Nasceu em Freixo de Espada à Cinta pelo ano de 1696, no seio de uma família cristã-nova com largo historial na inquisição que, poucos anos antes, tinha queimado uma sua tia materna, chamada Marquesa da Fonseca. (1) Francisco Nunes era o nome do seu pai, que tinha a profissão de torcedor de sedas. Faleceu antes que o filho completasse 14 anos, altura em que este seria iniciado na lei de Moisés por sua mãe, Filipa da Fonseca, a qual era originária de Trancoso e tinha 16 anos quando, em 1667, se apresentou na inquisição de Coimbra, onde confessou suas culpas, posto o que foi mandada de regresso a casa. Passados 17 anos, em 1684, morando em Freixo e sendo já casada, foi presa pelo mesmo tribunal, saindo penitenciada em cárcere e hábito perpétuo, no ano seguinte. (2) Em Abril de 1735 os inquisidores de Coimbra decretaram que fosse novamente presa. Tal não aconteceu porque Filipa era já falecida.

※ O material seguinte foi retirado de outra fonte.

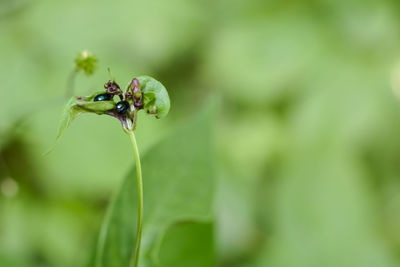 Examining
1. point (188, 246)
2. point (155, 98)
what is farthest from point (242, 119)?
point (155, 98)

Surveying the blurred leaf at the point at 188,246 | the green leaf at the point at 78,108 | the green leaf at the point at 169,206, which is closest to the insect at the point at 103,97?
the green leaf at the point at 78,108

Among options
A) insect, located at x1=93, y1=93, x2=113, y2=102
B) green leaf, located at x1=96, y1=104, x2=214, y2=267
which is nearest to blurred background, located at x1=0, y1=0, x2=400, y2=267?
green leaf, located at x1=96, y1=104, x2=214, y2=267

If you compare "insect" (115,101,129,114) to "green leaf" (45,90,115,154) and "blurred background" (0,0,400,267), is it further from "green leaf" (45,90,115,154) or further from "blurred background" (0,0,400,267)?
"blurred background" (0,0,400,267)

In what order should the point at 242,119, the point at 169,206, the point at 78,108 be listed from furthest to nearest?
1. the point at 242,119
2. the point at 169,206
3. the point at 78,108

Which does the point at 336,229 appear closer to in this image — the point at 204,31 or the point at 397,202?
the point at 397,202

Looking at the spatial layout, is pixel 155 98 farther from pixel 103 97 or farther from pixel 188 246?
pixel 188 246

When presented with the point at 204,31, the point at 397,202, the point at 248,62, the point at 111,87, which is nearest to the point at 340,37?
the point at 248,62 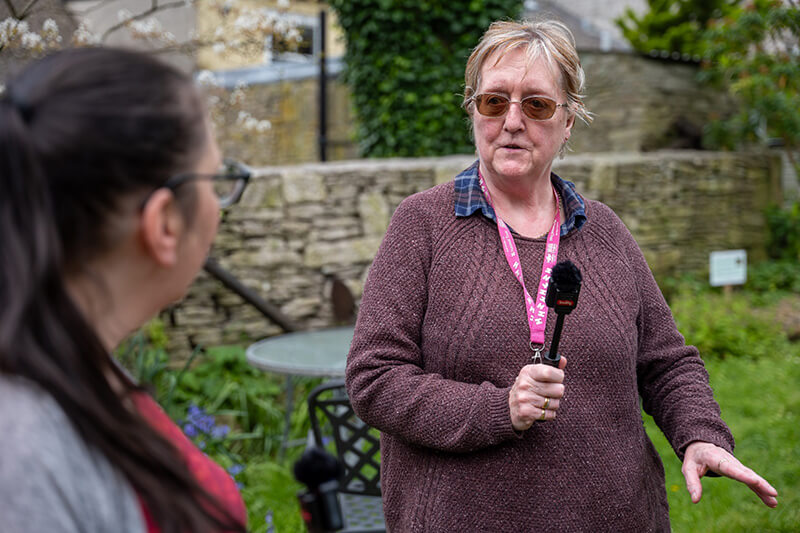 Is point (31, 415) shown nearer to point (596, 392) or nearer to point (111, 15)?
point (596, 392)

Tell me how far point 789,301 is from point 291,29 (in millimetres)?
5332

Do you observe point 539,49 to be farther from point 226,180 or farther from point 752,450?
point 752,450

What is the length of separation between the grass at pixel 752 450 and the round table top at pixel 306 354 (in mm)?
1776

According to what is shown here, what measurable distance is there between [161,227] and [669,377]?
1447 millimetres

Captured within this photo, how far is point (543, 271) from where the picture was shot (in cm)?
179

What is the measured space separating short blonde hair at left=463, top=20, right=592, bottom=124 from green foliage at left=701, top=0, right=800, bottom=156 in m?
6.19

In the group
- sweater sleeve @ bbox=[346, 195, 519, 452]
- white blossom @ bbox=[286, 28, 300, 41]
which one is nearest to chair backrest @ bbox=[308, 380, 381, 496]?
sweater sleeve @ bbox=[346, 195, 519, 452]

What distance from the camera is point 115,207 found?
0.87m

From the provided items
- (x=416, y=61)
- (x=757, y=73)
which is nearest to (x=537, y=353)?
(x=416, y=61)

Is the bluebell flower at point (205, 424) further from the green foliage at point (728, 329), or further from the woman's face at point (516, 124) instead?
the green foliage at point (728, 329)

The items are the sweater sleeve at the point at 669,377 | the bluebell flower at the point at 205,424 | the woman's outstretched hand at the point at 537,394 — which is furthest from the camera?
the bluebell flower at the point at 205,424

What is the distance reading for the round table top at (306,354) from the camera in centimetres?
355

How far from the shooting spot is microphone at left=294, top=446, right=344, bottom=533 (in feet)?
3.09

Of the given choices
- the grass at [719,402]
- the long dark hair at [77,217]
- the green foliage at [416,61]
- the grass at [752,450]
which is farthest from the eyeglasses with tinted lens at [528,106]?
the green foliage at [416,61] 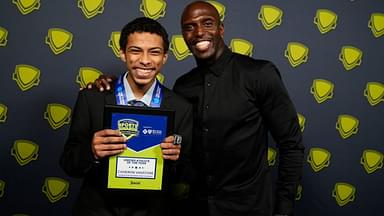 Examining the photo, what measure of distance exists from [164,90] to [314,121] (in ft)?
3.38

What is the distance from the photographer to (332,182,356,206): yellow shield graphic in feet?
6.91

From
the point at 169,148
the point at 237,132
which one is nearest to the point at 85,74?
Result: the point at 237,132

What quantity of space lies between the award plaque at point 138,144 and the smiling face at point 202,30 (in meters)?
0.37

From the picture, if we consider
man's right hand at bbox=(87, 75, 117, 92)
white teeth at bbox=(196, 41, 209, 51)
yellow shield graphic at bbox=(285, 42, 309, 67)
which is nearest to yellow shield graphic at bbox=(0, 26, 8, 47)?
man's right hand at bbox=(87, 75, 117, 92)

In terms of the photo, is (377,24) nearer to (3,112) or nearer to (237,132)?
(237,132)

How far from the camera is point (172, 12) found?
6.39 ft

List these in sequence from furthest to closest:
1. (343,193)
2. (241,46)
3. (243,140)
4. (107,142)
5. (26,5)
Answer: (343,193) < (241,46) < (26,5) < (243,140) < (107,142)

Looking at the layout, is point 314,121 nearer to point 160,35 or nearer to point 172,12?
point 172,12

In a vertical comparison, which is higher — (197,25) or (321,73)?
(197,25)

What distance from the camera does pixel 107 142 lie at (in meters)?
1.09

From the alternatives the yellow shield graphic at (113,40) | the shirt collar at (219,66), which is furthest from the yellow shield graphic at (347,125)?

Chegado à idade adulta, certamente por viver em permanente constrangimento, apontado como judeu e filho de judeus, José Nunes abandonou Freixo de Espada à Cinta e, depois de estar cerca de um ano em Murça de Panoias, dirigiu-se para a cidade do Porto e dali embarcou para o Brasil. Foi ter ao Ribeirão do Carmo, região da Baía, onde as minas de ouro, recentemente descobertas, exerciam forte atração. Não foi nas minas que ele começou a trabalhar, mas como caixeiro de seu parente Francisco Ferreira Isidro. (3)
Com a prisão de F. Isidro, em 1726, o caixeiro mudaria de ofício, metendo-se também na aventura da exploração mineira. E Talvez por chegar a notícia da descoberta de diamantes nas minas de Cerro Frio, para lá se dirigiu o nosso Freixenista que, no “arraial” mineiro, adquiriu uma casa bastante boa, a julgar pelo preço de compra – 166 400 réis. Comprou também dois escravos (um macho e uma fêmea), por 480 000 réis. Não sabemos quem lhe vendeu os escravos mas ele dá-nos notícia de um homem, originário de Vila Nova de Foz Côa, com familiares em Freixo de Espada à Cinta que, naquela região do Brasil era “tratante de negros” – Francisco Fernandes Camacho. (4)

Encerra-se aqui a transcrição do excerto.